Oui, il y a un certain nombre de dysfonctionnements qui surviennent aujourd’hui mais qui proviennent du passé et le film remonte jusqu’à l’arrivée du chemin de fer à Argenteuil (banlieue parisienne), au 19ème siècle, lors de la soi-disant « révolution » industrielle. Cette époque constitue selon moi un point de bascule, même s’il était préparé avant, puisque ça ne s’est pas fait du jour au lendemain. Point de bascule qui a produit ce que sont aujourd’hui les campagnes mais aussi les villes et leur périphérie. Autour de 1900, une loi a décidé que les paysans ne seraient plus les producteurs de leurs semences, mais qu’il y aurait des semenciers, c’est-à-dire une spécialisation de certains agriculteurs et de certaines terres (principalement la Beauce) dans la fabrication exclusive des semences. Auparavant, chaque paysan faisait pousser son blé et récupérait les graines pour les semer la saison suivante. Ce sont des lois au tout début du 20ème siècle qui ont instauré ce système, avec de graves conséquences. Alors, oui, là par exemple, je pense que ça a déterminé le désastre actuel. Le film devait bien faire part de ce désastre, sans se concentrer sur la petite histoire de Clément. La plupart des problèmes majeurs qu’il rencontre devaient être mis en rapport une histoire plus vaste, qui le précède et le dépasse largement.

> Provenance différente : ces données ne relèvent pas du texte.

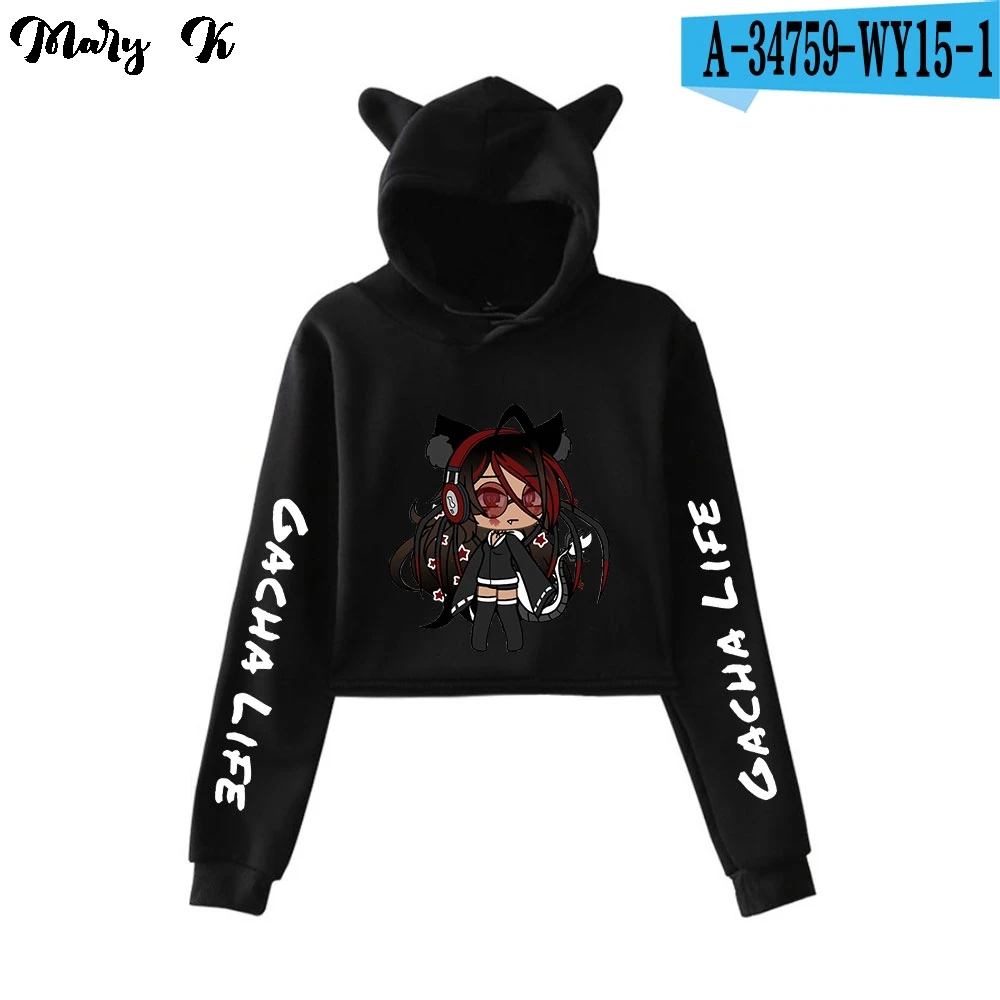 

Gacha Life Crop women Hoodie cute Sweatshirts Womens Cat Pullover Girl Kawaii Harajuku Tracksuit Oversized hoodie ladies clothes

Et malgré tout, on ne ressent dans votre film ni nostalgie pour le passé, ni idéalisation de la campagne, ce qui est un  positionnement assez efficace. Toute autre chose : il y a une image récurrente, qui revient à trois ou quatre reprises, qui est celle de la grotte. De quoi est-t-elle le symbole ?

Je ne peux pas dire qu’elle soit un symbole car elle n’a pas cette prétention-là. Disons plutôt un petit mystère dans un film presque didactique, voire scolaire. Ce lieu est lié à l’histoire personnelle de mon frère et moi ; il nous est familier, mais il n’y a pas besoin d’en savoir davantage sur ce qu’il est en réalité car c’est justement une part d’intime non dévoilée. Ce qui m’intéresse dans ce lieu est son image. Une image que je trouve belle grâce à l’obscurité et qui me rappelle de nombreuses autres images : un rapport entre l’ombre et la lumière, ou entre le visible et l’invisible. La grotte peut aussi être le refuge des aventuriers ou des hors-la-loi… Encore une fois, ce sont des tas d’histoires qui sont contenues ou qui commencent dans une image, dans un plan.